Guitarist Brad Shultz as usual, was equally as captivating. Though he spends more time engaging with his six strings than he does focusing on the audience, the different ways that the two brothers harness their unparalleled energy on stage is utterly infectious. Newer tracks like “Take It or Leave It” and “Cigarette Daydreams” have taken their rightful place in the setlist beside crowd-pleasers like “Ain’t No Rest For the Wicked,” which seems to get better and better each time out. And the defiant “It’s Just Forever,” perhaps the band’s most raucous cut with its quickly changing ebbs and flows was a much welcome addition to their unrelenting performance. The last third of the set would showcase the band’s now shirtless (and ripped) frontman crowdsurfing while continuing to sing “Come a Little Closer,” a fitting and dynamic closure for the opening slot that nicely warmed up the crowd for the headliner to follow.

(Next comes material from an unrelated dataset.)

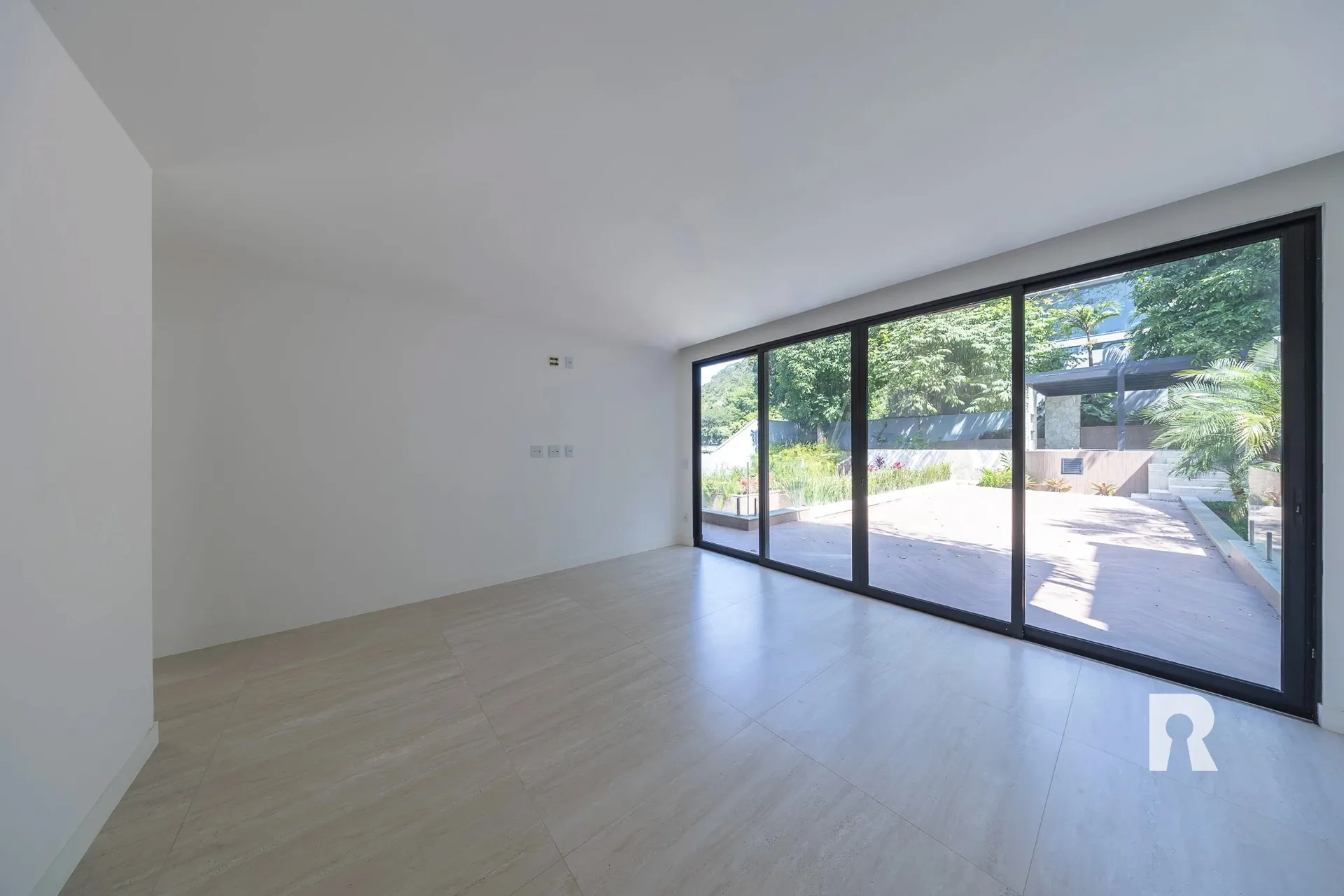 Casa moderna de 5 suítes com 7 banheiros e 2 vagas — photo 16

Concert Review: The Black Keys at Barclays Center
A far more elaborate stage setup would be readied for the arrival of The Black Keys, a two piece that’s transcended their brand from garage rock in small clubs to fledged arena tours, ascending in meteoric fashion. Though they’ve only been headlining the arena circuit for a short time, you’d have had no idea by the way the four piece touring act owned the stage for their just under two hour set, performing cohesively and patrolling the stage like a bunch of old hands. Backed by an array of blue and purple colored lights and nearly a dozen screens that would transition behind them after each song, The Black Keys absolutely ravaged the excitable crowd with a cavalcade of hits from their immense catalog.

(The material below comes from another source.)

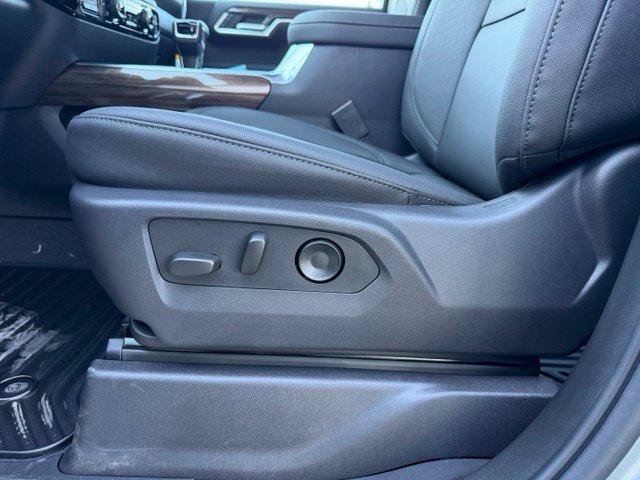 New 2026 Chevrolet Silverado 1500 RST w/ All Star Edition Plus AWD/4WD image 11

Frontman Dan Auerbach is largely so captivating because of his relatively unassuming persona. Save for the lone sign – a leather jacket – an untrained eye might not recognize that Auerbach is a rock star- his everyman style hardly jumps out at you from his attire down to his hardly flashy stage presence. Perhaps that’s what makes the band so relatable to fans- that a show even in a venue of this size feels like The Black Keys are letting you into their garage for a glimpse of their musical talents, skills which far exceed any penchant for the pomp and circumstance typically associated with arena rock shows. Instead, their fairly basic live show highlights the catchy riffs and strong songwriting that’s endeared them to so many, punctuated by the singer’s versatile vocals and skilled guitar playing. Drummer Patrick Carney meanwhile is a warrior on his drum kit and the Keys’ songs serve to showcase his ability to become the show’s focus, tirelessly pounding on his snare and cowbell often as the spotlight fades from Auerbach.

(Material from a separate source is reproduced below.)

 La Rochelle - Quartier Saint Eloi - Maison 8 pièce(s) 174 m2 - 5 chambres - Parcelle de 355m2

Among the band’s twenty one song set, highlights were plentiful- from the upbeat rock opener “Dead and Gone” to their cover of Edwyn Collins’ “A Girl Like You,” an excellent addition to a performance rife with them. Unsurprisingly, fans went bonkers for singles like “Howlin’ for You,” “Tighten Up” and set closer “Lonely Boy,” revved up to an even further frenzy with Auerbach’s prodding for New York to show some love. But throwback style rock tracks like “Nova Baby” and “Money Maker” and the anthemic “Gotta Get Away” from the band’s latest release, worked equally as well in the live setting and were particularly strong moments.
Following a bit of an extended encore, fans lit up the venue with cell phones as they hooted and hollered for the return of The Black Keys. Appeasing the audience’s desire, the band mellowed out some with “Weight of Love” and “Turn Blue” before turning the volume back up on the slow build toward the wild chorus of “Little Black Submarines,” during which the crowd exploded in kind. Looking down from our seats, the entire arena floor seemed to became one big dance party- engineered by a couple of regular musicians from Ohio who now seem to have the whole world resting at their feet.
The Black Keys and Cage The Elephant return for a second concert at Barclays Center in Brooklyn tonight, September 24th.